Where my_model contains the saved_model inside a folder named 1/.

I have then pushed the container image to Artifact Registry and then created a Model. To create a Version I have selected Customer Container on the Cloud Console UI and and added the path to the Container Image. I have then mentioned the Prediction route and the Health route to be /v1/models/my_model:predict and have changed the Port to 8501. I have also selected the machine type to be a single compute node of type n1-standard-16 and 1 P100 GPU and kept scaling Auto scaling.

After clicking on Save I can see the Tensorflow Server starting and while viewing the logs we can see the following messages:

Successfully loaded servable version {name: my_model version: 1}

Running gRPC ModelServer at 0.0.0.0:8500

Exporting HTTP/REST API at:localhost:8501

NET_LOG: Entering the event loop

However after about 20-25 minutes the version creation just stops throwing out the following error:

Error: model server never became ready.
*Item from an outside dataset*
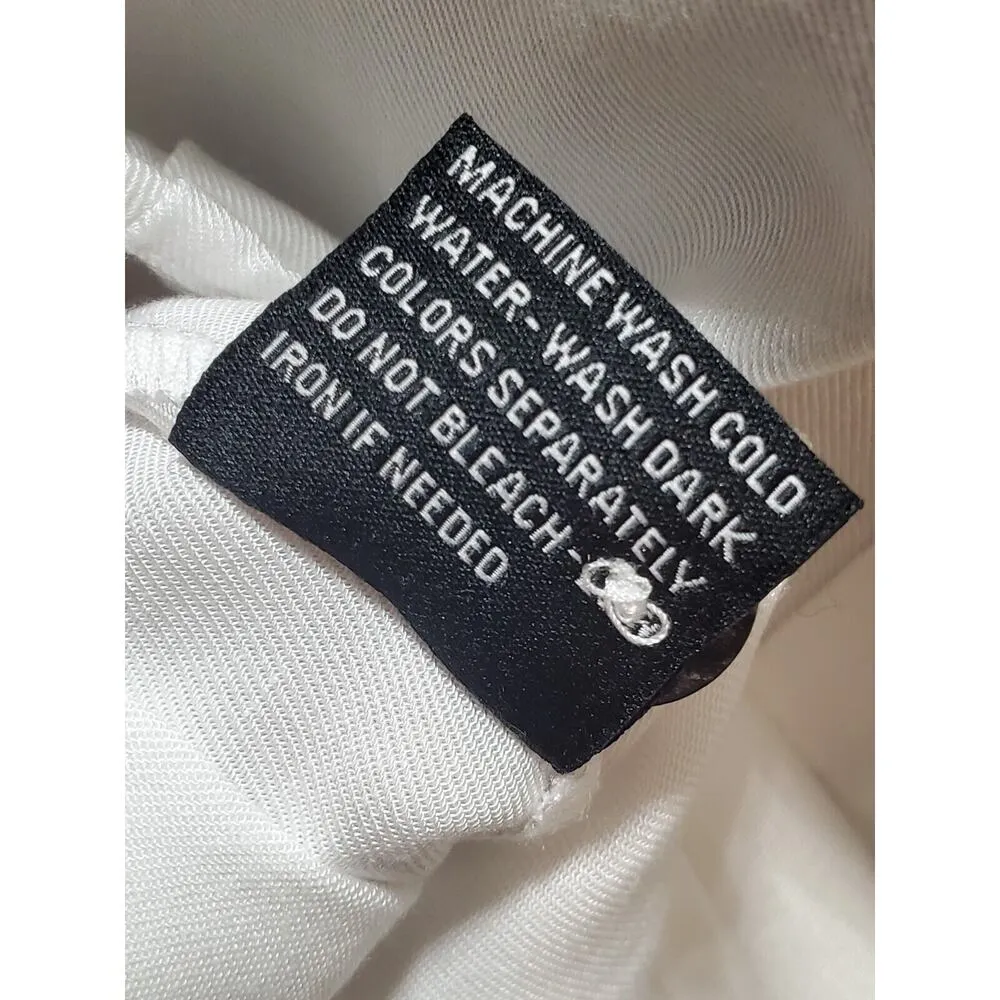 T&W Designs Womens White Tencel Collared Long Sleeve Button Down Casual Shirt XS - Image 12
Please validate that your model file or container configuration are valid.

I am unable to figure why this is happening. I am able to run the same docker image on my local machine and I am able to successfully get predictions by hitting the endpoint that is created: http://localhost:8501/v1/models/my_model:predict

Any help is this regard will be appreciated.


Solution

  • Answering this myself after working with the Google Cloud Support Team to figure out the error.

    Turns out the port I was creating a Version on was conflicting with the Kubernetes deployment on Cloud AI Platform's side. So I changed the Dockerfile to the following and was able to successfully run Online Predictions on both Classic AI Platform and Unified AI Platform:

    FROM tensorflow/serving:2.3.0-gpu
    
    # Set where models should be stored in the container
    ENV MODEL_BASE_PATH=/models
    RUN mkdir -p ${MODEL_BASE_PATH}
    
    # copy the model file
    ENV MODEL_NAME=my_model
    COPY my_model /models/my_model
    
    EXPOSE 5000
    
    EXPOSE 8080
    
    CMD ["tensorflow_model_server", "--rest_api_port=8080", "--port=5000", "--model_name=my_model", "--model_base_path=/models/my_model"]